Primeiramente, devo avisar a todos vocês que esse livro vai ativar TODAS as emoções que você tiver guardadas dentro de si, e também, que a Veronica Roth é tão má e assassina quanto todos aqueles autores que você odeia por serem tão maus.

Pra começar, devo dizer algo de grande importância nesse caso, eu sou uma pessoa muito lenta para ler, levo no mínimo uma semana para ler um livro, mas uma vez algo muito raro aconteceu, eu li Jogos Vorazes em pdf pelo computador em exatamente 16 horas, corridas. Dessa vez algo muito parecido aconteceu, só que pior, eu li Divergente em pdf, pelo celular, em apenas 2 dias. Isso é apenas para vocês terem uma ideia de quão bom e envolvente a história é.

Basicamente o livro conta a história de um futuro distópico, onde a cidade de Chicago é divida em facções, são elas: Amizade, Sinceridade, Abnegação, Erudição e Destemor.

Em poucos casos, membros de uma facção entram em contato com membros de outra facção, isso basicamente só ocorre no governo. Cada facção é encarregada de uma tarefa na cidade, proteção, governo e derivados.

Mas o mais importante a ser citado, é que toda criança, ao completar seus 16 anos, tem o direito de escolher a qual facção ela quer pertencer. Não importa em qual você nasceu, se não se sente bem, ou não se sente merecedor de estar nela, pode mudar livremente, com a noção de que nunca mais verá sua família de novo.

Cada facção tem um processo de iniciação para seus “novatos”, que consiste em três etapas de provas/desafios pelos quais eles tem que passar para provar que são bons o suficiente para serem membros da facção. Caso o contrário eles se tornam “sem-facção”, ou seja, membros rejeitados, os mendigos de atualmente, sem casa, sem comida, sem emprego, sem nada.

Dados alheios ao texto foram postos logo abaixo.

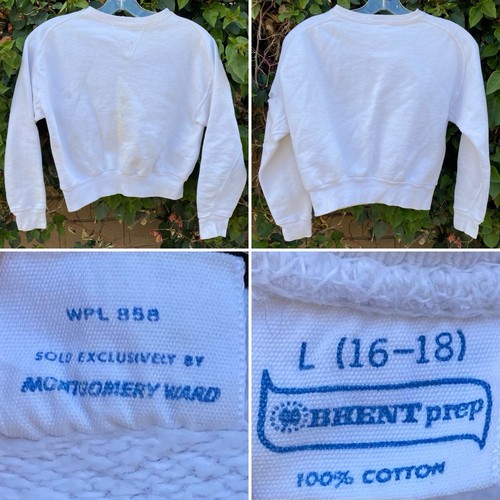 Vintage getragen Brent Prep exklusiv für Montgomery Ward Sweatshirt Kinder L - Bild 2 von 24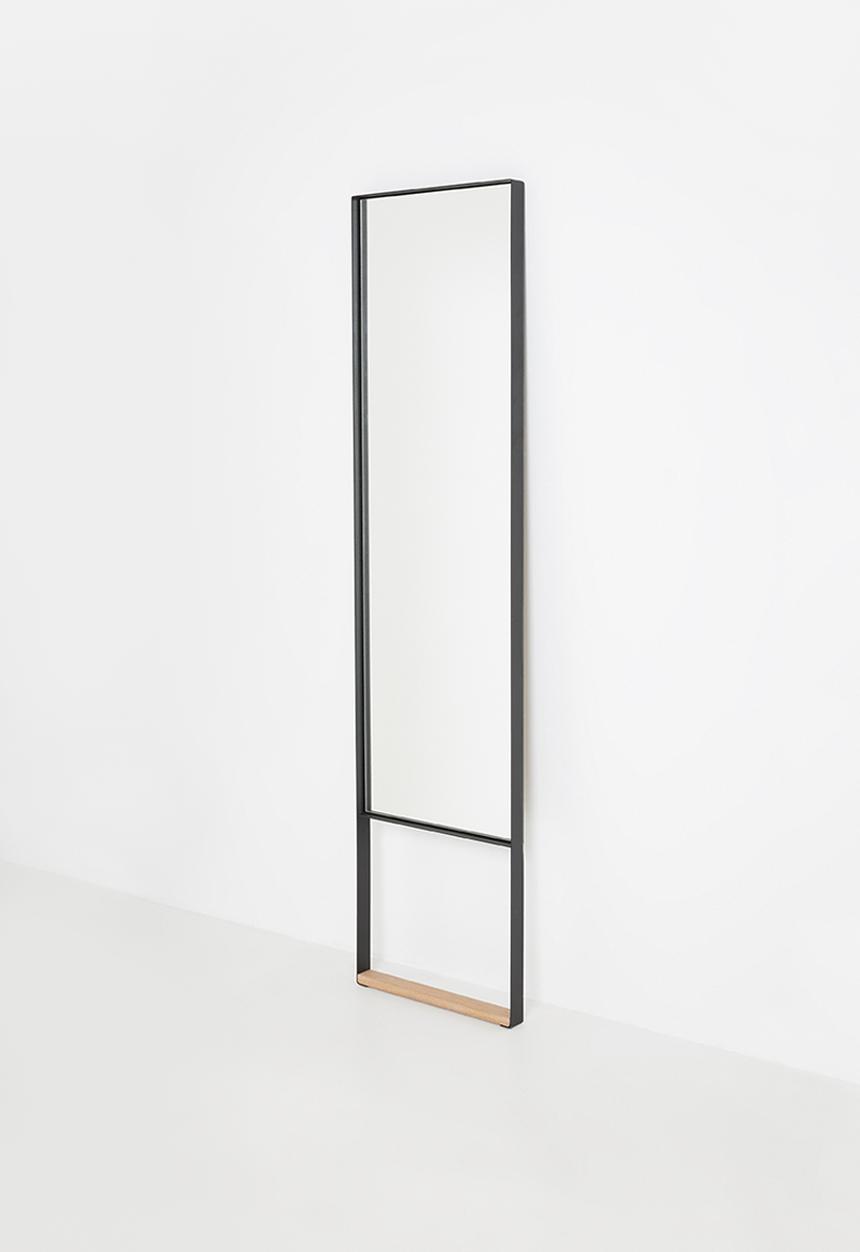 Emerging Creatives - Stockholm standing geo mirror - black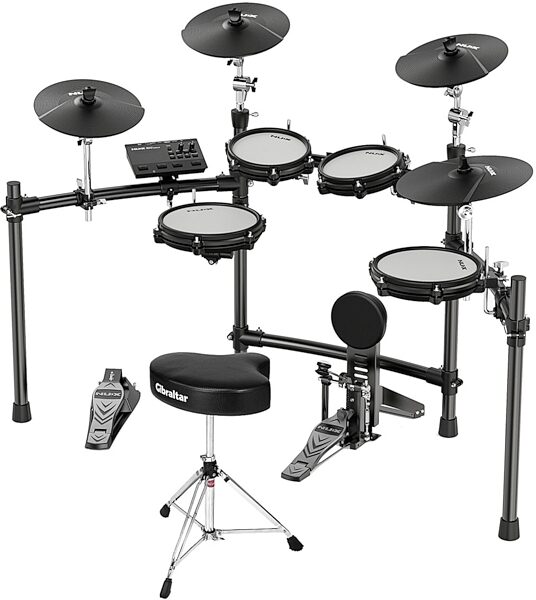NU-X DM-310 All-Mesh Head Electronic Drum Kit, pack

Tudo estava indo perfeitamente bem, até Beatrice (Tris), mudar de facção, da Abnegação para o Destemor, e ai tudo começa a mudar de rumo. Em uma certa parte da trama você vai descobrir finalmente o que é Divergente, e porque nossa Tris é uma, não só ela, como também muitos outros personagens ligados a ela, vai descobrir porque ser Divergente é tão perigoso, e porque isso vai definir o futuro de toda a história. Vocês vão conhecer Quatro, o segundo personagem mais importante de todos, o instrutor das atividades da facção Destemor, mas ele não é só isso.

A dor de cada personagem vem até você de uma forma inacreditável, e tudo que eu quis durante todo o livro, foi poder entrar na história e ajudar a salvar todas aquelas vidas, ajudar a evitar a dor, o sofrimento. Antes de terminar o post, só queria admitir uma coisa: eu nunca conseguiria ser tão forte, tão destemida, corajosa e resistente como a Tris foi, ainda mais depois da página 200! hahah

Se eu recomendo esse livro? Não, acho que não, porque o livro é tão bom, que eu quero que a história seja só minha, quero guarda-la no meu pensamento, e nunca mais esquecer (brincadeira, é claro que eu recomendo hahah). E outra coisa, eu chorei muito depois da página 200 também 😦

 ps: nunca estive tão ansiosa por um filme em toda a minha vida.